Ci puoi spiegare perché questo virus è così aggressivo e contagioso?
L’attuale pandemia è causata da un virus a RNA (SARS CoV-2) che appartiene alla famiglia dei coronavirus, che si conosce da circa 70 anni. Il fatto che il coronavirus sia responsabile degli attacchi alle vie aeree è noto dal 2003, quando un virus che apparteneva alla famiglia dei coronavirus è stato individuato come causa della sindrome respiratoria acuta. Sono stati individuati tre gruppi con sottogruppi che colpiscono varie specie animali. Esiste una review del 2009 che descrive gli aspetti che riguardano l’evoluzione clinica. Questo virus colpisce le cellule umane ma non è integrato. Ha fatto un salto genetico dai pipistrelli all’uomo. Il salto è possibile dove c’è un contatto delle mucose umane con gli animali. SARS e MERS fanno parte della stessa famiglia. Sopravvie sulle superfici a lungo, ecco perché bisogna lavarsi accuratamente le mani, o disinfettarle. E’ aggressivo, ma non resistente ai disinfettanti.
Cosa si può fare per sconfiggerlo?
Per sconfiggere il virus serve quello che con uno slogan chiamo ORS: Organizzazione, Rapidità, Solidarietà.
La O è mancata assolutamente. La R altrettanto: si è agito in ritardo.

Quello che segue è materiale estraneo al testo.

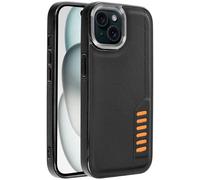 Cool Carcasa de Milano Negro para iPhone 15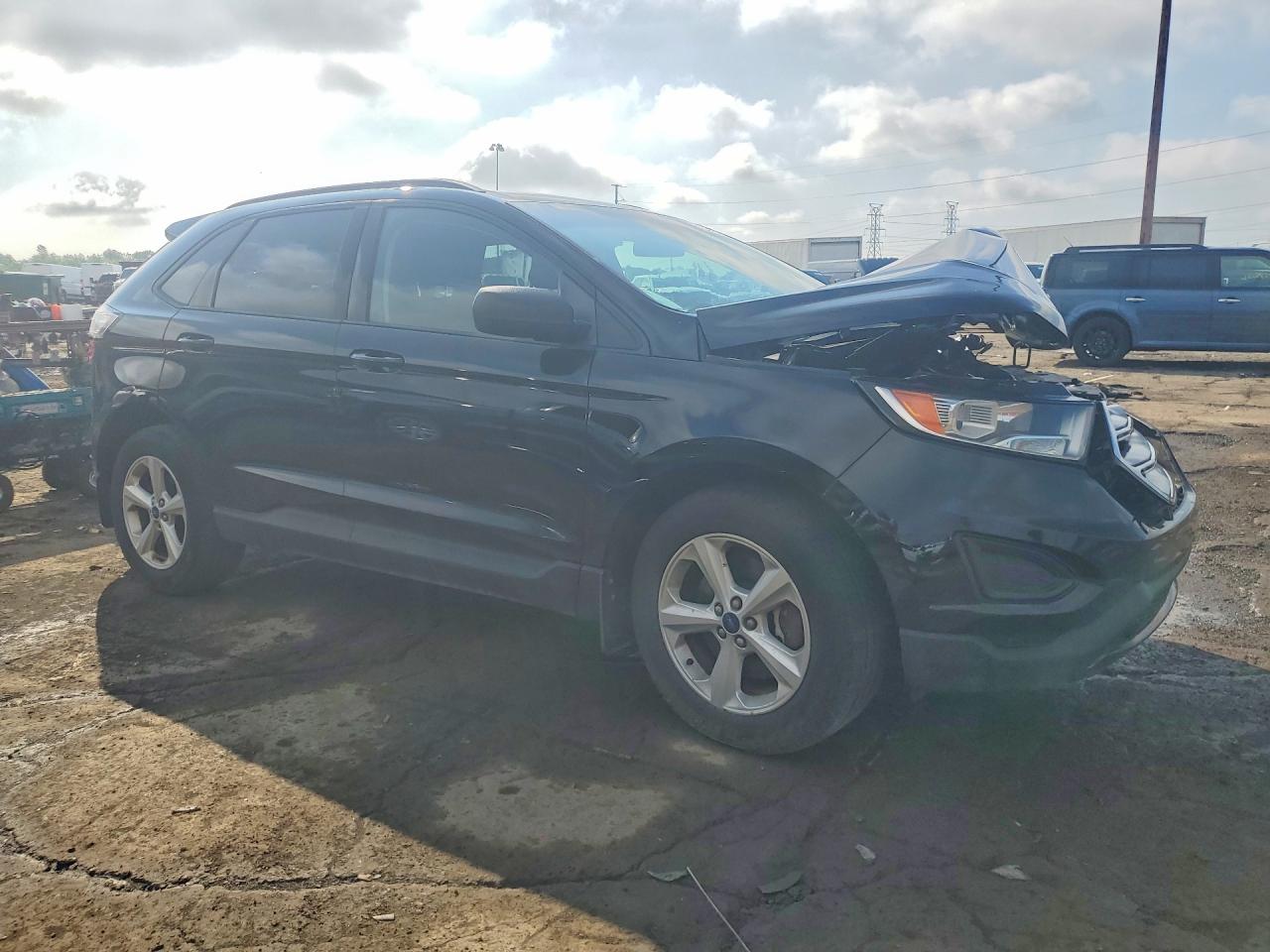 2016 FORD EDGE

La S non è esistita: a tutti i livelli, dal mondo all’Europa fino ai
Comuni, non c’è stata solidarietà.
Nel modello cinese i tre livelli sono stati applicati efficacemente,
circoscrivendo, limitando e fermando il contagio. A Lodi si è agito
rapidamente con un blocco totale e si ha avuto successo pur partendo con
un certo ritardo. Se l’Europa avesse fatto un intervento di solidarietà
fin dall’inizio dei primi casi a Lodi, oggi non si troverebbe in questa
situazione.
Il sistema italiano deve riconoscere i propri limiti. Limiti del sistema
sanitario, degli interventi di blocco troppo tardivi. La medicina del
territorio non ha funzionato. Continuiamo a mandare allo sbaraglio il
personale sanitario a cui mancano spesso i dispositivi sanitari di
protezione come dimostra l’alto numero di colleghi e di infermieri
contagiati, e fino ad ora il numero di medici che abbiamo perso è
impressionante: oltre 60 vittime. Non ci sono protocolli a disposizione
per i medici, tutti ci inventiamo qualcosa e tutto dipende dalla buona
volontà del singolo operatore sanitario.
Hai una tua idea di protocollo, su come dovrebbe funzionare?
Quando il paziente manifesta i primi sintomi al call center o al medico di base occorre agire subito.
Servono squadre di intervento rapido protetto per eseguire gli
accertamenti necessari e decidere il percorso adatto. Con sintomi gravi e
polmonite vanno ricoverati in ospedale senza perdere tempo.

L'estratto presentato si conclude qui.